“…It is the watch of global power,” said Scriptorum Company consultant Michel Gutsatz.
Gutsatz is talking about Rolex—and recently, many others are, too. In a surprise change of command, Rolex has replaced CEO Bruno Meier with a new leadership team: company veteran Gian Riccardo Marini, 62, as CEO, and Daniel Neidhart, 49, as head of foreign subsidiaries.
“Taking into account the development of industrial and commercial activities of the group in Switzerland and abroad, the board has decided to update the structures of the business,” the company said in a statement.
This announcement has caused a buzz of speculation among analysts and consultants, but Rolex itself remains opaque. The company is one of the few luxury watch makers that is privately owned, and maintains an aura of almost secrecy.

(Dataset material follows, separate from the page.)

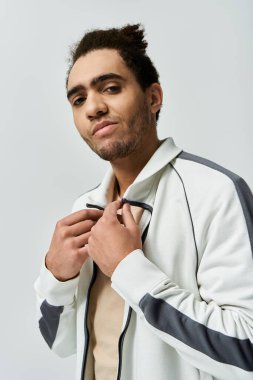 Gri arka planda gri aksanlı beyaz ceketli genç bir Afrikalı Amerikalı poz veriyor..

Consequently, no one is quite sure where Rolex plans to go next. Marini, the newly-appointed CEO, has been with the company for 40 years, and before his promotion was head of Rolex Italy. Neidhart’s position, new to the company, will be based in Hong Kong. The new leading duo have strong backgrounds in marketing and sales, and many see this as a sign that Rolex is seeking an increased market share in luxury watches.

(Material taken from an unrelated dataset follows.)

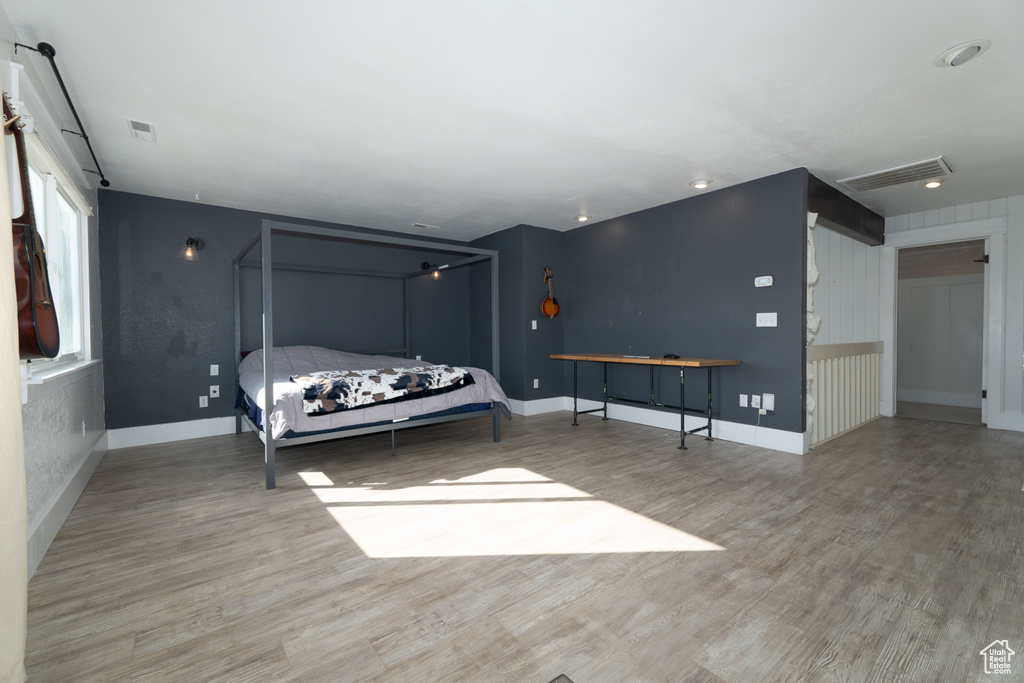 Bedroom with light hardwood / wood-style flooring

“The brand is far from being number one in the United States, and only four or five in China,” said Klaust Zorik, cofounder of the watch making institute at Switzerland’s ARC technical school. “Rolex’s ambitions have probably not been achieved in terms of market presence.”
The introduction of Neidhart’s position signals that Rolex is particularly interested in developing its presence in new markets.
“They didn’t know how to anticipate the development of the Chinese market in the way other brands did,” said Gutsatz. “So they found themselves, in global markets, but particularly in the Chinese market, in a fairly difficult position.”
Some analysts suggest that Neidhart’s position is a sign that Rolex is planning to open its own retail outlets; other analysts, however, predict that the company will instead focus on increasing collaboration with current retail partners.
Regardless of Rolex’s retail plans, one thing is clear: success in emerging markets is very important to the company.
“If you look at the overall watch industry, probably half the watches from Rolex are bought by emerging market clients now. It’s important that the shops and the brand are well-positioned in emerging market,” said Kepler Capital Markets analyst Jon Cox.